Studio album by Don Omar
- Released: May 23, 2006
- Recorded: 2005–2006
- Genres: Reggaeton; Latin hip-hop;
- Length: 69:59
- Labels: VI; Machete;
- Producers: Don Omar; Eliel; Henry R. Santos; Nely; Naldo; Yai & Toly; Danny Fornaris; Echo; Diesel;

Don Omar chronology
| Los Bandoleros Reloaded (2006) | King of Kings (2006) | King of Kings Live (2007) |

Singles from King of Kings
- "Angelito" Released: May 2, 2006; "Conteo" Released: July 28, 2006; "Salió El Sol" Released: October 5, 2006;

Alternative cover
- King of Kings: Armageddon Edition re-edition cover

= King of Kings (Don Omar album) =

King of Kings is the second studio album by Puerto Rican rapper Don Omar, released on May 23, 2006, through Machete Music and VI Music. Arriving nearly three years after his debut album, The Last Don (2003), the record represented a pivotal moment in his career and in the broader rise of reggaeton as a commercially dominant Latin music genre. The production of the album explored a variaty of sounds beyond reggaeton and hip hop, incorporating dancehal, bhangra and other Caribbean-derived rhythms. It lyrics and themes range from romance, dance-oriented trackts to responses aimed to fellow reggaeton artist and socially conscious comentary. It features guest appearances by Miri Ben-Ari, Juelz Santana, Mackie Ranks, Beenie Man and Zion.

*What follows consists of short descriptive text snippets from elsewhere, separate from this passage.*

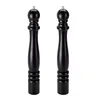 Set van 2 kruidenmolens van lotus hout, hoogte 41,8 cm, met Productafbeelding-voorbeeld 1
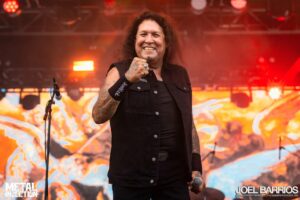 CHUCK BILLY confirme que le prochain album de TESTAMENT est déjà en mouvement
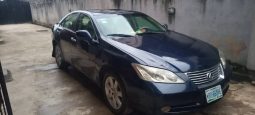 2008 Lexus ES350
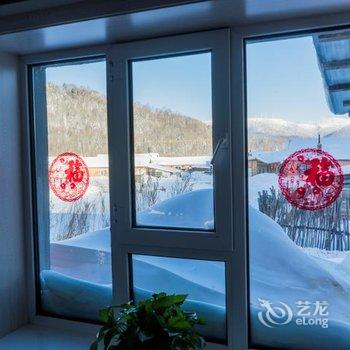 雪乡二浪河大妮子民俗客栈酒店提供图片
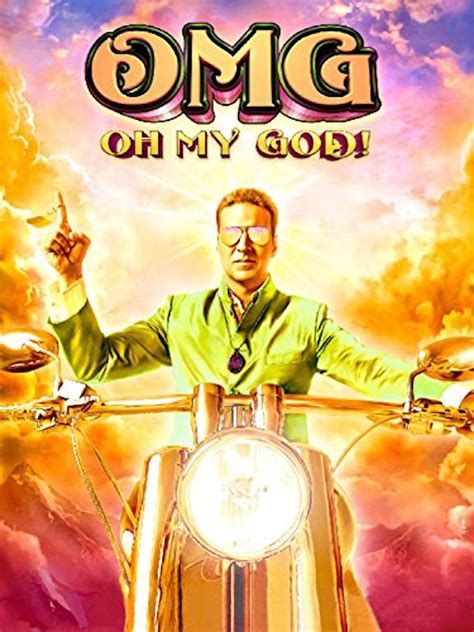 'OMG - Oh My God!' Bollywood Movie Review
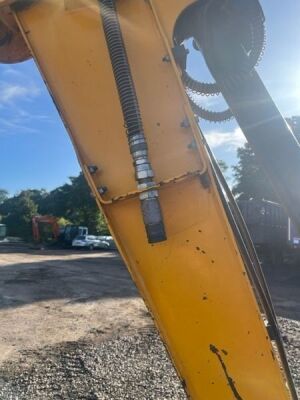 2018 JCB 51R-1 Excavator  - 7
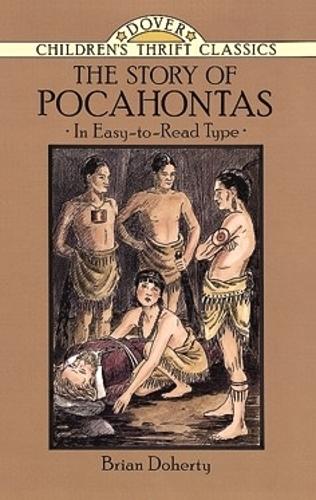 Бумажная книга «The Story of Pocahontas», автор Брайан Доэрти - фото №1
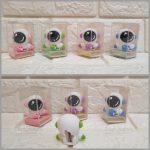 تراش سیلیکونی فضانورد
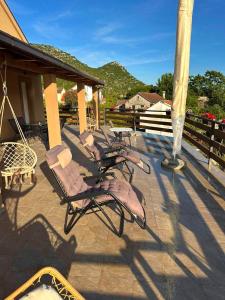 Casa di Kiara, Skadar Lake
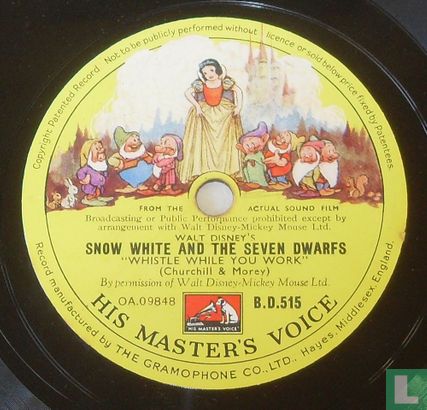 Walt Disney's Snow White and the Seven Dwarfs - Image 3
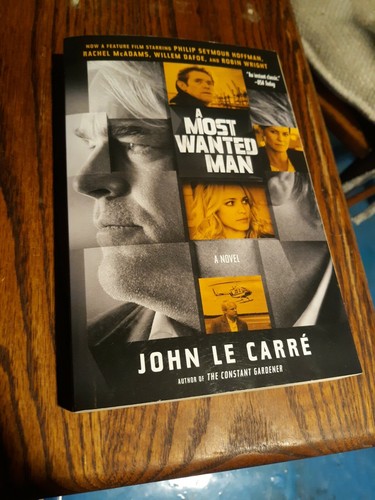 Most wanted man - wanted, by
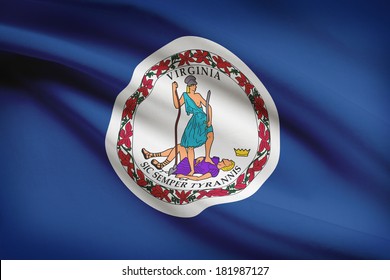 8,729 Virginia Flag Images, Stock Photos & Vectors | Shutterstock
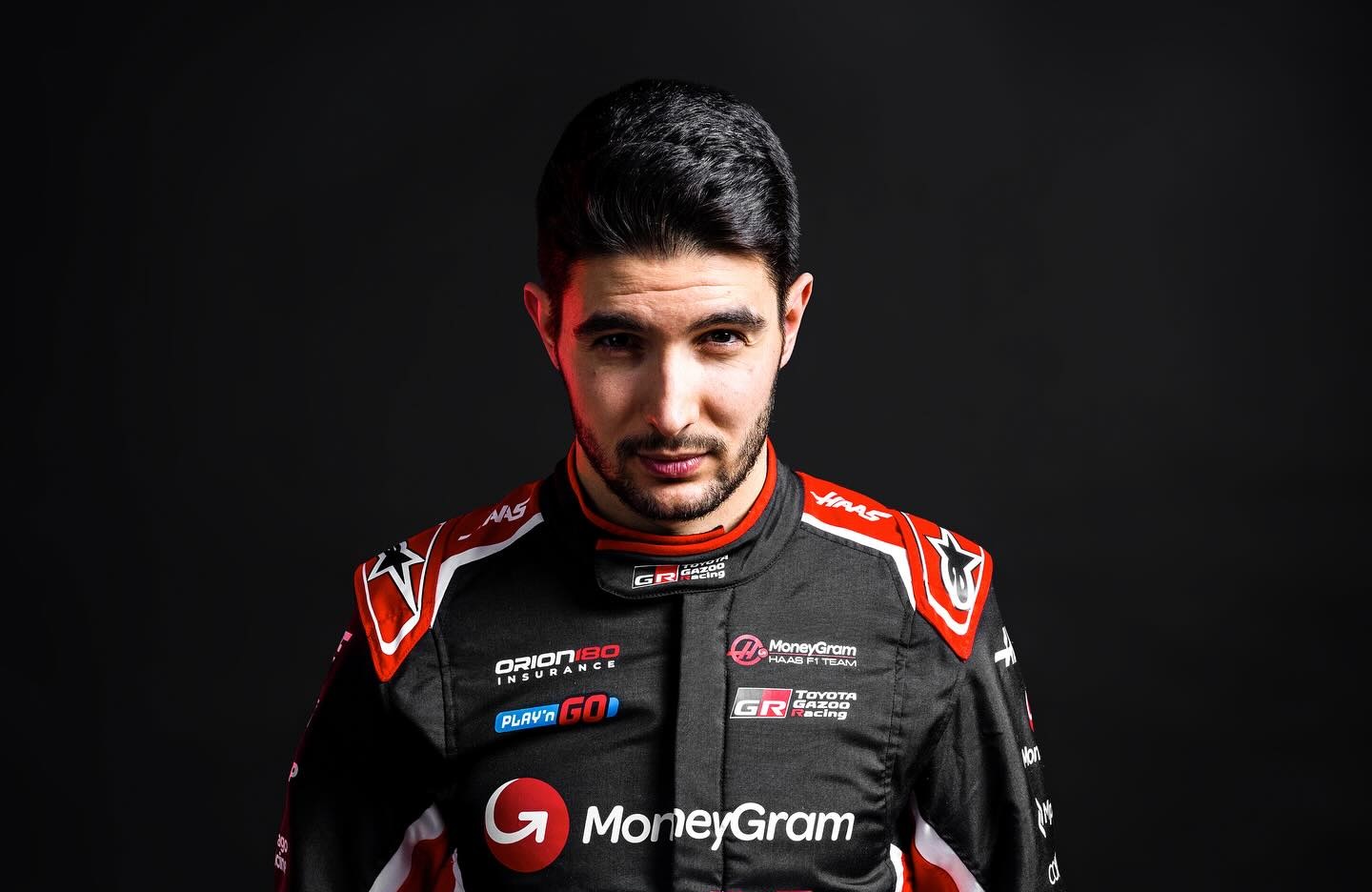 Esteban Ocon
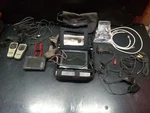 Triplett Wrist Mounted Monitor Display Camview W35V Untested & Tft Lcd Kit. Fixed Price $50.50.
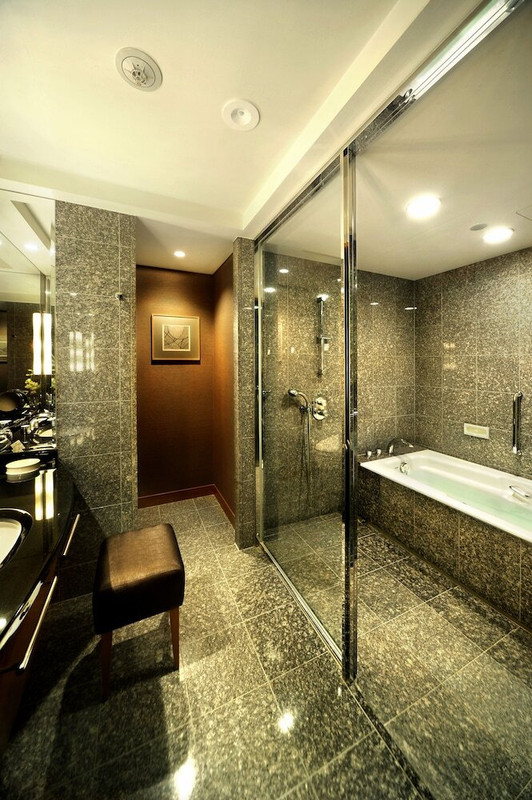 スーペリアツイン バスルーム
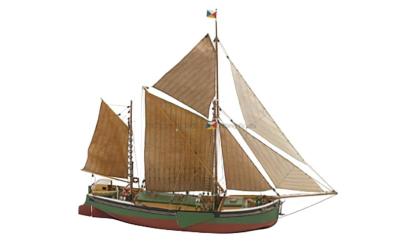 Billing Boats Will Everard 1:67 580mm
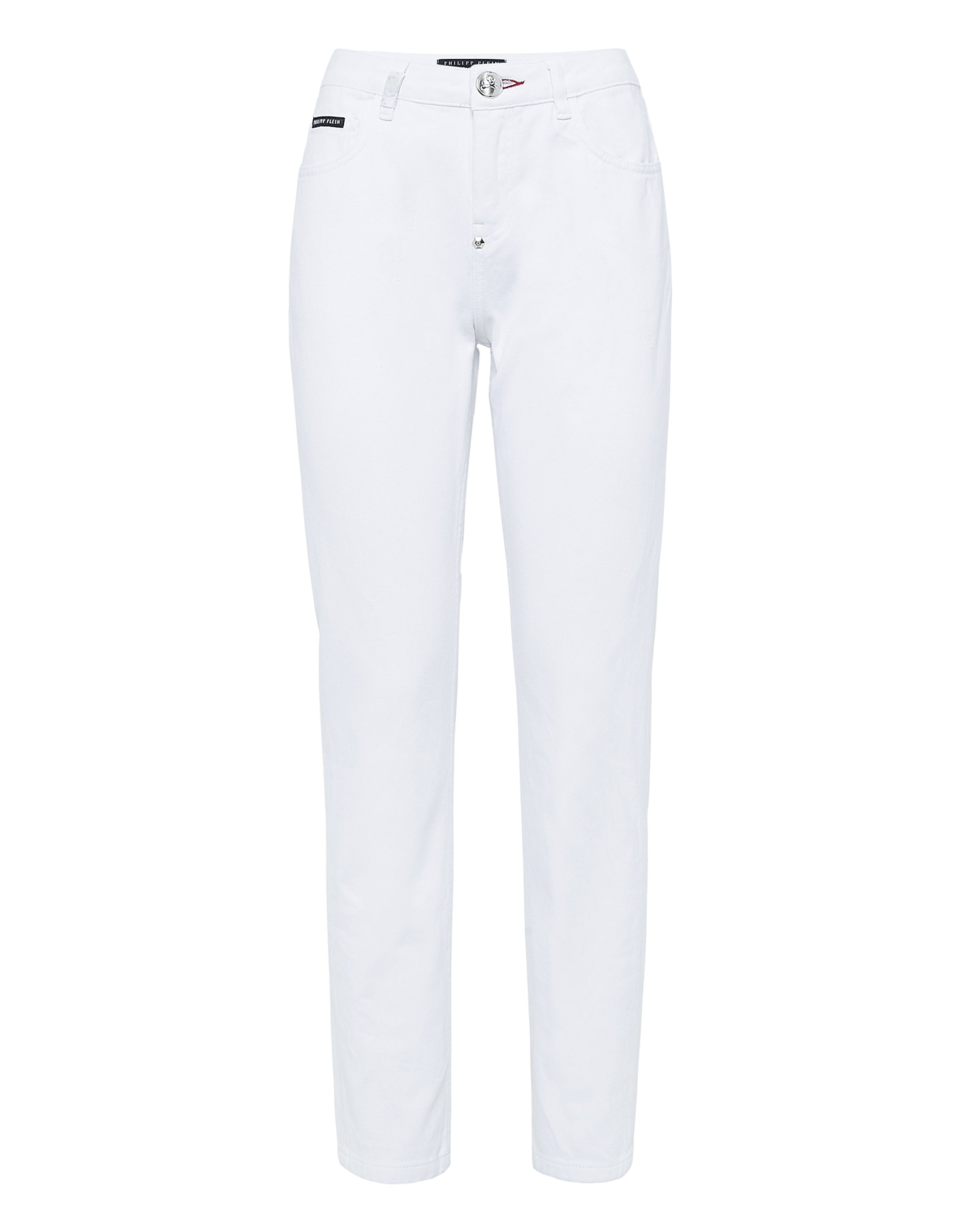 

Джинсы женские PHILIPP PLEIN, цвет intimate white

Upon its release, King of Kings achieved major commercial success. It debuted at number one on the Top Latin Albums chart, where it remained for 11 non-consecutive weeks, and entered the Billboard 200 at number seven, becoming one of the highest-charting reggaeton albums in the United States at the time. The record was later certified gold by the Recording Industry Association of America (RIAA) for shipments of 500,000 copies. Also, the album was certified platinum in Chile and gold in Argentina and Spain. It strong sales and chart performance helped solidify Don Omar's crossover appeal beyond the Latin music market.

The album also received significant industry recognition. King of Kings receive positive reviews with Contemporary critics highlighted the album’s use of rock instrumentation and melodic and thematic range. It won Reggaeton Album of the Year at the 2007 Billboard Latin Music Awards and earned a nomination for Best Urban Music Album at the Latin Grammy Awards.Retrospectively, King of Kings has been regarded as one of Don Omar's signature works and as one of the most commercially successful reggaeton albums of its era. In support of the album, Don Omar embarked on the King of Kings World Tour.
== Background ==
Following the success of The Last Don (2003) and the remix compilation The Last Don Live (2004), which had sold more than 200,000 copies combined and earned RIAA certifications, Don Omar began developing King of Kings as a more ambitious and stylistically diverse project. Contemporary reports described the album as an effort to broaden the musical scope of reggaeton, incorporating elements of dancehall, Middle Eastern music, rap and Latin hip hop while further establishing Don Omar as one of the genre’s leading figures. The recording sessions for King of Kings took over a year during 2005–2006 in New York.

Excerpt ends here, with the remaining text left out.